The following is presented as part of The Columbian’s Opinion content, which offers a point of view in order to provoke thought and debate of civic issues. Opinions represent the viewpoint of the author. Unsigned editorials represent the consensus opinion of The Columbian’s editorial board, which operates independently of the news department.
It is, possibly, the perfect metaphor for our times.
It involves voters’ reluctance to pay for services. Legal and illegal drugs. Demonization of “others.” Crime. Profiling. And a sense that any Joe off the streets can do the job of professionals.
In short, it involves the destruction of norms and our willingness to undermine the foundations of society.
That might be an overstatement. But the situation in Cave Junction, Ore., seems to encapsulate many of the things that are chipping away at the social construct that long has provided stability throughout the United States.
We’ll start at the end: In Cave Junction, a town of about 2,000 people in Southern Oregon, the city council has agreed to try a new experiment in policing. Cave Junction does not have a police force, and the Josephine County Sheriff’s Office that protects the town has been decimated over the years by budget cuts. According to media reports, a call to 911 at night can result in a 45-minute wait for help to arrive.
That being an untenable situation, the city council has voted unanimously to install security cameras on lampposts in the town and have a volunteer citizen patrol monitor those cameras. The group already conducts regular nighttime patrols in the town.
And that is where it gets interesting.
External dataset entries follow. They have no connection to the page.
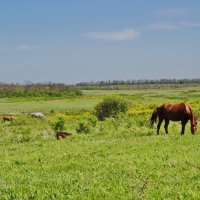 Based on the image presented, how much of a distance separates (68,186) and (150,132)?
1595 cm

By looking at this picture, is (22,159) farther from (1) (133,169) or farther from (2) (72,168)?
(1) (133,169)

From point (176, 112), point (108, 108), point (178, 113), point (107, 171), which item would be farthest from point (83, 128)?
point (108, 108)

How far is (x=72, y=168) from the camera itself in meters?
13.8

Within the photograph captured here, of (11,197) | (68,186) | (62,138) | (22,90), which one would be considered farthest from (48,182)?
(22,90)

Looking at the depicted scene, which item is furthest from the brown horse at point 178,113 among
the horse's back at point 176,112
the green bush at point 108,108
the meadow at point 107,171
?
the green bush at point 108,108

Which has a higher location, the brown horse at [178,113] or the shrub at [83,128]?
the brown horse at [178,113]

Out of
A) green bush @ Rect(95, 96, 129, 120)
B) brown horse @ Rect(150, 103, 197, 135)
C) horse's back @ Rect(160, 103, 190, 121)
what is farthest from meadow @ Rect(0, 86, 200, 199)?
green bush @ Rect(95, 96, 129, 120)

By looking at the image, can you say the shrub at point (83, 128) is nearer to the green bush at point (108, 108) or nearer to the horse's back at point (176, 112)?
the horse's back at point (176, 112)

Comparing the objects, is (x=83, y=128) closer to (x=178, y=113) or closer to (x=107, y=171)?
(x=178, y=113)

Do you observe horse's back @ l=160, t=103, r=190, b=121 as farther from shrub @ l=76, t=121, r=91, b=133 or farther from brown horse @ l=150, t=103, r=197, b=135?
shrub @ l=76, t=121, r=91, b=133

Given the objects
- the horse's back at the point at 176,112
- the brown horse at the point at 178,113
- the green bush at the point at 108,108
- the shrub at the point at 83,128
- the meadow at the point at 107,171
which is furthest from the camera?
the green bush at the point at 108,108

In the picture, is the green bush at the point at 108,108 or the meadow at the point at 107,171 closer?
the meadow at the point at 107,171

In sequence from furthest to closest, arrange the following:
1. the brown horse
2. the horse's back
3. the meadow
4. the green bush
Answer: the green bush
the horse's back
the brown horse
the meadow

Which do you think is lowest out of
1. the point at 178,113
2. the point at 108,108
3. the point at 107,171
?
the point at 108,108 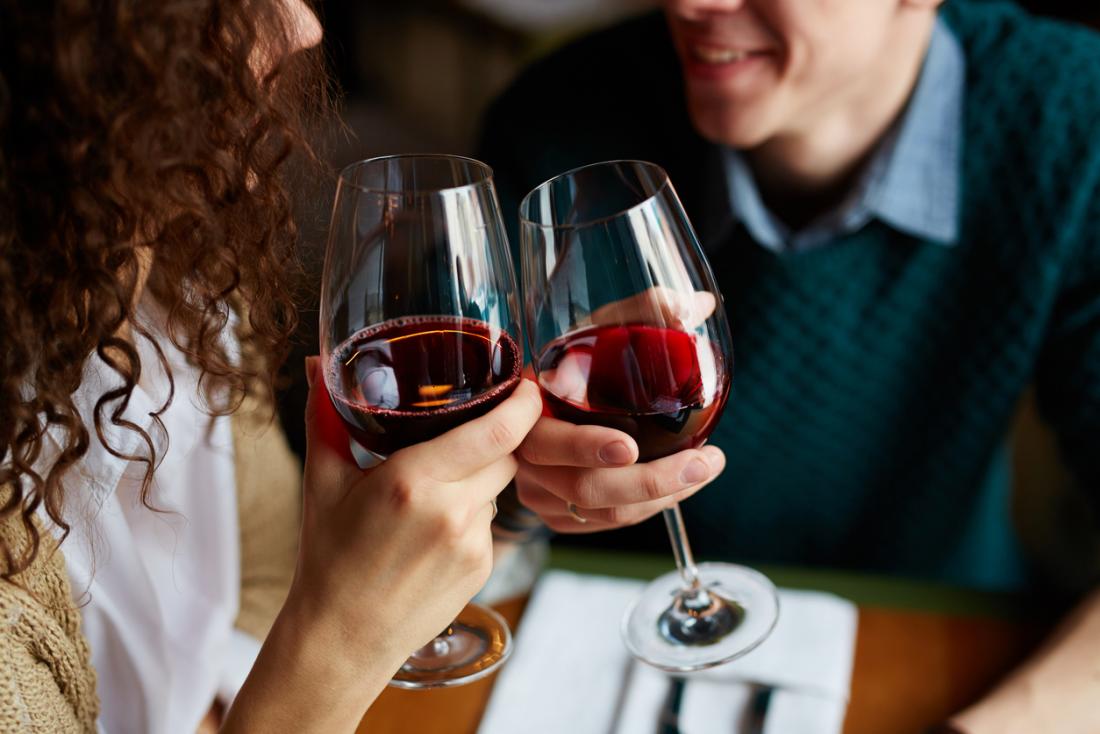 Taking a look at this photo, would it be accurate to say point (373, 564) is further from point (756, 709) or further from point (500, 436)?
point (756, 709)

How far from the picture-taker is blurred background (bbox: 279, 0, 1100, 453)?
389 cm

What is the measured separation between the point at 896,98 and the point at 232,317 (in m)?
1.05

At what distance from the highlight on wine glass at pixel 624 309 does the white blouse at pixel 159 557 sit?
40 centimetres

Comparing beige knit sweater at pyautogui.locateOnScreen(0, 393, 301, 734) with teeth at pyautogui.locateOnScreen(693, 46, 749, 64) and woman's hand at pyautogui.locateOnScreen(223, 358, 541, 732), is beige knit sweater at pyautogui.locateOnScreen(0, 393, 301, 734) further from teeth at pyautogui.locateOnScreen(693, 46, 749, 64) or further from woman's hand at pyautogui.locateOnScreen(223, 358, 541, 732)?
teeth at pyautogui.locateOnScreen(693, 46, 749, 64)

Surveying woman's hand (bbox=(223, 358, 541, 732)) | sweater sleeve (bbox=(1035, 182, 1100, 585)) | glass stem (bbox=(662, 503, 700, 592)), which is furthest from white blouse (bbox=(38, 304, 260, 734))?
sweater sleeve (bbox=(1035, 182, 1100, 585))

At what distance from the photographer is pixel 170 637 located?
3.87 ft

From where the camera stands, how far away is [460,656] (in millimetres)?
947

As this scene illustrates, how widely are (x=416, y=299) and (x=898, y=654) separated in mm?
682

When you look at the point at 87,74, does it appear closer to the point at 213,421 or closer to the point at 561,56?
the point at 213,421

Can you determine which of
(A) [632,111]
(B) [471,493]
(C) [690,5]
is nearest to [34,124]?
(B) [471,493]

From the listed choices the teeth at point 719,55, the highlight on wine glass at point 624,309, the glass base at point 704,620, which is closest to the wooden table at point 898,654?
the glass base at point 704,620

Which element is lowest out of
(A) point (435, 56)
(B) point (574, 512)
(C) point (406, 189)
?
(A) point (435, 56)

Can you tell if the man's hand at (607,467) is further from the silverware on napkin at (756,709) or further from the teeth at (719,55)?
the teeth at (719,55)

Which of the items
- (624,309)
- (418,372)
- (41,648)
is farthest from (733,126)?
(41,648) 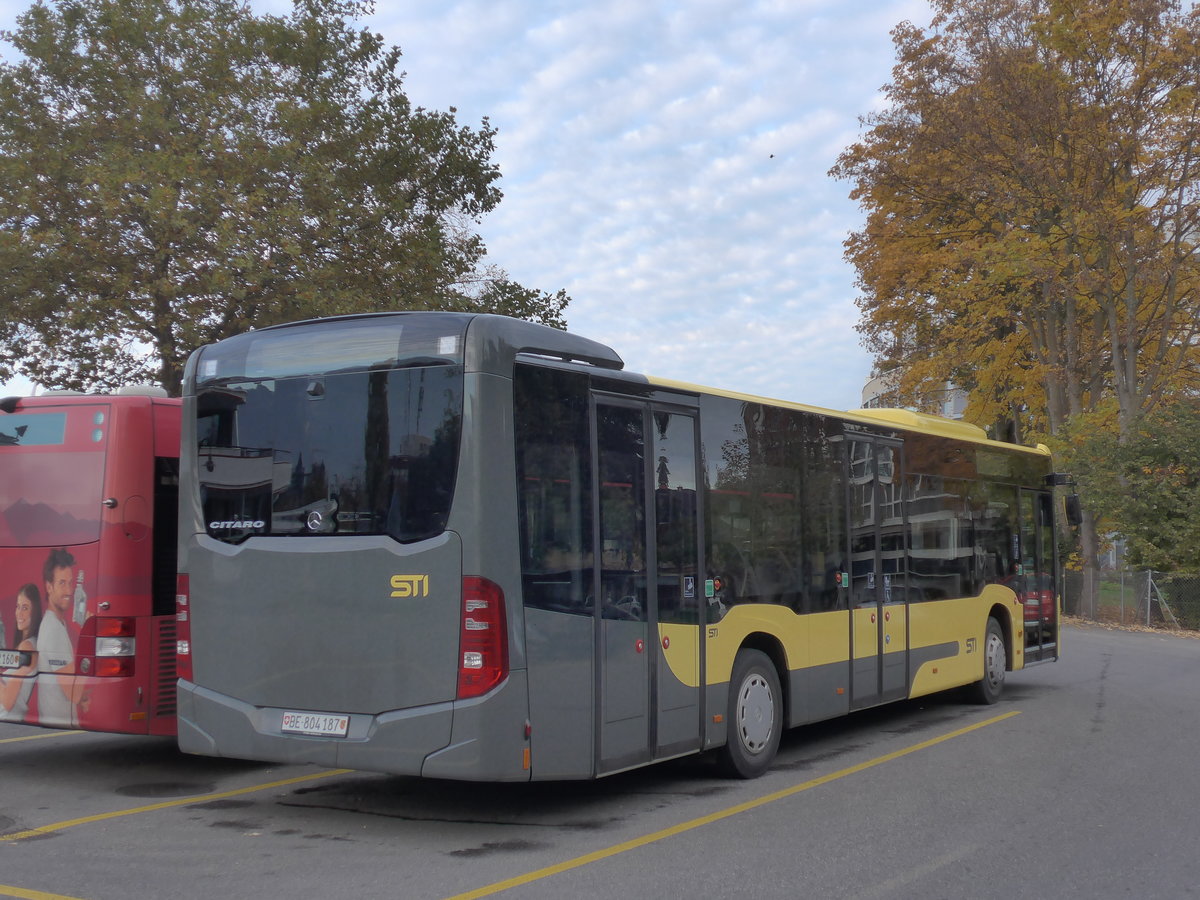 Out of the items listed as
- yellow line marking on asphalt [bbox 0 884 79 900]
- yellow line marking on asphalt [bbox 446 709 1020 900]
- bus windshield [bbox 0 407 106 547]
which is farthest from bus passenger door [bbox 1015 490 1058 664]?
yellow line marking on asphalt [bbox 0 884 79 900]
Rebecca Patton, Cave Junction’s city recorder, told Jefferson Public Radio that the volunteers can identify “hardcore criminals” just by looking at them.
“They can identify them by the way that they dress, because they have a certain apparel that they wear all the time, or the way they walk,” she told the station. “Sometimes they carry things all the time, it could be something as simple as a skateboard. They have learned how to identify these people very, very quickly, then they know how to respond.”
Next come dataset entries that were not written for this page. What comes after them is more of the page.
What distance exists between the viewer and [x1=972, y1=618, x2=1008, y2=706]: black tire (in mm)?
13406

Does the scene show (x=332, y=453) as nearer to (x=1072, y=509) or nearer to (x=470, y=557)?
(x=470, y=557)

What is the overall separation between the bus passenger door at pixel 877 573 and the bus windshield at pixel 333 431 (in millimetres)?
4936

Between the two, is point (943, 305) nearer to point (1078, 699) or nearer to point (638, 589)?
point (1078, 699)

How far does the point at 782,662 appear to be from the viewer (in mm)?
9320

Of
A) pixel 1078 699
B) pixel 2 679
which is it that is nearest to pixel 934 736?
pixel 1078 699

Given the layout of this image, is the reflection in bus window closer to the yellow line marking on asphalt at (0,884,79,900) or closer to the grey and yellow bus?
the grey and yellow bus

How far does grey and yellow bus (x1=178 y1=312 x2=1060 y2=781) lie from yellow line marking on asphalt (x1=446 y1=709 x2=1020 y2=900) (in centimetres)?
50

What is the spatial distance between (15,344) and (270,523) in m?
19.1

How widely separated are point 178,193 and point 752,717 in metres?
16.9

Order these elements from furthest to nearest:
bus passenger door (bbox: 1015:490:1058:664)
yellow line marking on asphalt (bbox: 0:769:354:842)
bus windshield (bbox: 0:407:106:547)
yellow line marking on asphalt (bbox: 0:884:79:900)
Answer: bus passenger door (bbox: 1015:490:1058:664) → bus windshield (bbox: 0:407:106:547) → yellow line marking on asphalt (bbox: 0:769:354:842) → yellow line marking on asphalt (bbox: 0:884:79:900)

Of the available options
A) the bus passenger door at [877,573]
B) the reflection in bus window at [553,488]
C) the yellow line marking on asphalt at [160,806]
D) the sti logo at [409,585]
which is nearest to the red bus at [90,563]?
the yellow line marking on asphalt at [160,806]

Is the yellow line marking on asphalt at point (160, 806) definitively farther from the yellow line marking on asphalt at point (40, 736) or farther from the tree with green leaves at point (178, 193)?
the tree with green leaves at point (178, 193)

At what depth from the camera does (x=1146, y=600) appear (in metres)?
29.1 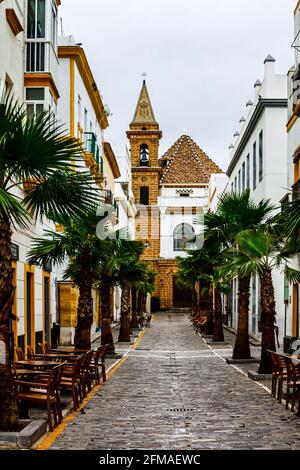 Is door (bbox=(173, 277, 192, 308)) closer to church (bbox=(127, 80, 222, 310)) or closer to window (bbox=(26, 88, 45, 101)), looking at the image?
church (bbox=(127, 80, 222, 310))

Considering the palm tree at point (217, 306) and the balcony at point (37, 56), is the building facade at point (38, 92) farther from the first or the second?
the palm tree at point (217, 306)

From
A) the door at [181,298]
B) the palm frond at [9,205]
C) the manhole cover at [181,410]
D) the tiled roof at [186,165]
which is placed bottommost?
the door at [181,298]

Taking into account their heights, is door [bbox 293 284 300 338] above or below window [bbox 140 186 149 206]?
below

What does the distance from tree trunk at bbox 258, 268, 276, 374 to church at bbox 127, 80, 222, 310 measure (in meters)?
62.2

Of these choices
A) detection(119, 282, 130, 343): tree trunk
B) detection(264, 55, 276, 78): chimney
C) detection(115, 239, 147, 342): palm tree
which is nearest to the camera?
detection(115, 239, 147, 342): palm tree

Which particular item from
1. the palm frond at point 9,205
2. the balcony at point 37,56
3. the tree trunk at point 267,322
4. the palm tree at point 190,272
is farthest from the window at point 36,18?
the palm tree at point 190,272

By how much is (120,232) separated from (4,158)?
16.2 m

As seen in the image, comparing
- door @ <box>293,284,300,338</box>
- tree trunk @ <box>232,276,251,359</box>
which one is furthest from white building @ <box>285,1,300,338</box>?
tree trunk @ <box>232,276,251,359</box>

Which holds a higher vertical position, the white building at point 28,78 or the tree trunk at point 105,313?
the white building at point 28,78

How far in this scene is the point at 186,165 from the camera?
90688 mm

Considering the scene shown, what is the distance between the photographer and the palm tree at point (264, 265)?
66.9ft

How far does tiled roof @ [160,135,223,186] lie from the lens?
89.8 metres

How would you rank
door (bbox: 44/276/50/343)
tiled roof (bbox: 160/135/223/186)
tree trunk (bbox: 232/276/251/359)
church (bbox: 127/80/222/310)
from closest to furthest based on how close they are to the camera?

That is a remarkable trick. And the guess is that some big-city police departments would be eager to hire volunteers who can identify hardened criminals just by looking at them. America has not had anybody with that kind of prescience since Bull Connor was controlling the streets of Birmingham. And at least Cave Junction might soon be rid of the scourge of people carrying skateboards.
The volunteers have not received formal training or undergone background checks, but Patton said she might introduce checks before granting access to security footage. Phew, that’s reassuring. And still the Oregon Justice Resource Center earned a gold star for snark by writing on Twitter, “Civil rights violation incoming in 5, 4, 3, 2, 1 …”
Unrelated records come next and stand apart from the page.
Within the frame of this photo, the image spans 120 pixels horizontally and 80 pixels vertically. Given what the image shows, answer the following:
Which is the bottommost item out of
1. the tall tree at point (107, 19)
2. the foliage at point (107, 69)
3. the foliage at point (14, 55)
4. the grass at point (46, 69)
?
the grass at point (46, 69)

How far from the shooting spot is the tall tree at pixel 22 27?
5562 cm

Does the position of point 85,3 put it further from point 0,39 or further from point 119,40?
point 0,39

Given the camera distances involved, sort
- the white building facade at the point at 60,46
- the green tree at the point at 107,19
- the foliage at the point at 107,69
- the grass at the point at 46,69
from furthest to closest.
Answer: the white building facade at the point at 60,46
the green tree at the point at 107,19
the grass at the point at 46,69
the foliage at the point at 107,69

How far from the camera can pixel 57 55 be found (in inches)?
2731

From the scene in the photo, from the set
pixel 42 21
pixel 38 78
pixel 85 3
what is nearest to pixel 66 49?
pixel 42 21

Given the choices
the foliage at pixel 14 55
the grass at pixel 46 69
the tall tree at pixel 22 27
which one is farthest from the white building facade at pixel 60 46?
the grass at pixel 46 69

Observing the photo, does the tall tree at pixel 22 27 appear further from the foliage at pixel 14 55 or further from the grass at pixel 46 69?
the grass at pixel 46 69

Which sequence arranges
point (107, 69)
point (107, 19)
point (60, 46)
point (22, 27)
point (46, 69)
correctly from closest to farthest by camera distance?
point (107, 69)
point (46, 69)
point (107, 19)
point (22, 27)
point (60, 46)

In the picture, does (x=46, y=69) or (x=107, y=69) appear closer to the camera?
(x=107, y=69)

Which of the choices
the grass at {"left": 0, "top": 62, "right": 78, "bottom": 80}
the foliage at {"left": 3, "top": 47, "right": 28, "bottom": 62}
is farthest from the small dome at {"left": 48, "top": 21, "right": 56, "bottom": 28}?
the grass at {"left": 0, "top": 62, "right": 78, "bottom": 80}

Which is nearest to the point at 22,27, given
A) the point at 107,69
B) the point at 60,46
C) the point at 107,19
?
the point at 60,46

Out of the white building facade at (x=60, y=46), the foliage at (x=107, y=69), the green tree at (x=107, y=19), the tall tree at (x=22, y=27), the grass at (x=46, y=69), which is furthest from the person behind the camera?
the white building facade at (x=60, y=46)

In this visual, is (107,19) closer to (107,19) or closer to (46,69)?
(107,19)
Which brings us to the beginning of the tale. Josephine County, where Grants Pass is the county seat and the entire population is about 87,000, was once a stable timber- and gold-mining area. But a decline in the timber industry, largely precipitated by federal policy, has hampered the county in recent decades. In 2018, the county received about $1 million from the federal government under the Secure Rural Schools program to mitigate a decline in the timber industry.
Times are tough, and because of that residents have repeatedly voted to reject funding for essential services. You know, like law enforcement.
Crime has increased, and the region’s burgeoning legal marijuana growing industry — combined with an illegal methamphetamine trade — has exacerbated the situation. A 2016 report from Medford’s KTVL described the city as “a town known for vandalism and break-ins with little police presence.” Fortunately, the criminals have a certain apparel they wear all the time.
All of this could describe many rural towns, the places where a struggling economy has combined with an anti-tax and anti-government ethos that moves us closer to anarchy. One solution would be for the good people of Josephine County to actually fund their sheriff’s office. But apparently that is not as appealing as allowing anybody with the proper amount of self-righteousness to handle the job.
So, in many ways, Cave Junction has become a metaphor for the current state of America.